Data excerpts

--- START ---

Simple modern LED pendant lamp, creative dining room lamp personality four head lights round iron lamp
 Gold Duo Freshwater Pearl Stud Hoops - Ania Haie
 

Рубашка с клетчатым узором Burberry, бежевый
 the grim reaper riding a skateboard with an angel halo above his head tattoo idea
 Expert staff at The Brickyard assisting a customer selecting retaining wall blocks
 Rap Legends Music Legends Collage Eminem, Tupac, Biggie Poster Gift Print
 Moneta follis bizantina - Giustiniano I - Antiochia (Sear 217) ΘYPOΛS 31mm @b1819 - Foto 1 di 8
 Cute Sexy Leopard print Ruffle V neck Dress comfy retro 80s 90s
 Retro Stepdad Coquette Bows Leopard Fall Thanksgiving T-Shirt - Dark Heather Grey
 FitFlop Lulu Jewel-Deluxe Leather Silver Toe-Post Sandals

--- END ---

### Work item
Please retype every entry above exactly as it stands.

### Response
Simple modern LED pendant lamp, creative dining room lamp personality four head lights round iron lamp
 Gold Duo Freshwater Pearl Stud Hoops - Ania Haie
 

Рубашка с клетчатым узором Burberry, бежевый
 the grim reaper riding a skateboard with an angel halo above his head tattoo idea
 Expert staff at The Brickyard assisting a customer selecting retaining wall blocks
 Rap Legends Music Legends Collage Eminem, Tupac, Biggie Poster Gift Print
 Moneta follis bizantina - Giustiniano I - Antiochia (Sear 217) ΘYPOΛS 31mm @b1819 - Foto 1 di 8
 Cute Sexy Leopard print Ruffle V neck Dress comfy retro 80s 90s
 Retro Stepdad Coquette Bows Leopard Fall Thanksgiving T-Shirt - Dark Heather Grey
 FitFlop Lulu Jewel-Deluxe Leather Silver Toe-Post Sandals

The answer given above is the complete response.